*** Block opens ***
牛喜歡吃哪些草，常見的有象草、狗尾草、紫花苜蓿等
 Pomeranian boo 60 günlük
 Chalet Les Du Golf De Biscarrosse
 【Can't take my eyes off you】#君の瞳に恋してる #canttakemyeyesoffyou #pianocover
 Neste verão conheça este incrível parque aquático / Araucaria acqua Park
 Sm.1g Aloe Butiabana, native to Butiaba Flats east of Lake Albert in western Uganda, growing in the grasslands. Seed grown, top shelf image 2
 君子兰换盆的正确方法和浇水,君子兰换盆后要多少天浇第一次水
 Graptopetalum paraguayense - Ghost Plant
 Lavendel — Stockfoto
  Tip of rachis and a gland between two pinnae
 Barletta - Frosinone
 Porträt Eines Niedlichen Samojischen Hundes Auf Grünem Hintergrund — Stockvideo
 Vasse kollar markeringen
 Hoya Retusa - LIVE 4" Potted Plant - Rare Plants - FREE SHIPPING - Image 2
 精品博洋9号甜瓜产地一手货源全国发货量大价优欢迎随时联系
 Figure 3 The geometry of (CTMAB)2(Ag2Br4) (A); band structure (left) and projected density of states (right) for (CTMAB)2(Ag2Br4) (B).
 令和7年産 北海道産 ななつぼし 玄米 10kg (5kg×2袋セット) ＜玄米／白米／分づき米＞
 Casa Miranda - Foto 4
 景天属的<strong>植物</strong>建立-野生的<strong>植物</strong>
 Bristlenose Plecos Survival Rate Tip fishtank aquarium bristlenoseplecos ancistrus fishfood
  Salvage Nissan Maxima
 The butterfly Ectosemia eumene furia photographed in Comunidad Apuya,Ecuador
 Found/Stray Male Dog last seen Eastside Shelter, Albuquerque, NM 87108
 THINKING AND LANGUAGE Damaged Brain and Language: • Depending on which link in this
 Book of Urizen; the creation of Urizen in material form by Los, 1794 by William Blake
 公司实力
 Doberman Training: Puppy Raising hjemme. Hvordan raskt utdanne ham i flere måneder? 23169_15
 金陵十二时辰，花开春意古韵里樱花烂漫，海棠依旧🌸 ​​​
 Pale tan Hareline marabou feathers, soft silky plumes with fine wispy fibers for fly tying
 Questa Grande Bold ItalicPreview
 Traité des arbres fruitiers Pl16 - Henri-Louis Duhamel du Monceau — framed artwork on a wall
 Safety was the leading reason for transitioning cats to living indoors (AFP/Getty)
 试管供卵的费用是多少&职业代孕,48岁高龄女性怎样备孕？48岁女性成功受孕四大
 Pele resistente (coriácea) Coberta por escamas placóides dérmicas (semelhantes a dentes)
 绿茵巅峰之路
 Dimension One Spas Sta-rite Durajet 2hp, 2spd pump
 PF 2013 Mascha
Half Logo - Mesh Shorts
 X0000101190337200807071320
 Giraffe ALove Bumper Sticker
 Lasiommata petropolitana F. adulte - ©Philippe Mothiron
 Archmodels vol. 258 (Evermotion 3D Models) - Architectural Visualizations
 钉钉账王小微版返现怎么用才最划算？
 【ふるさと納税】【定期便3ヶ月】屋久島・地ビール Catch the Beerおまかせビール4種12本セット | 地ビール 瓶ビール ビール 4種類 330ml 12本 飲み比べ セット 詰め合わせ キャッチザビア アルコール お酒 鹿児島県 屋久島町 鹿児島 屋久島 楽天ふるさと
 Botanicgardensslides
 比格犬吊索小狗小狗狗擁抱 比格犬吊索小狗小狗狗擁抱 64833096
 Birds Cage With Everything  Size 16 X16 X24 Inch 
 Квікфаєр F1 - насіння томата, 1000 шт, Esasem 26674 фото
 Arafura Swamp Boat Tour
*** Block closes ***
* _Task directions_:
Each line of the material with the word "Plant" in it should be listed.

* _Your solution_:
 Graptopetalum paraguayense - Ghost Plant
 Hoya Retusa - LIVE 4" Potted Plant - Rare Plants - FREE SHIPPING - Image 2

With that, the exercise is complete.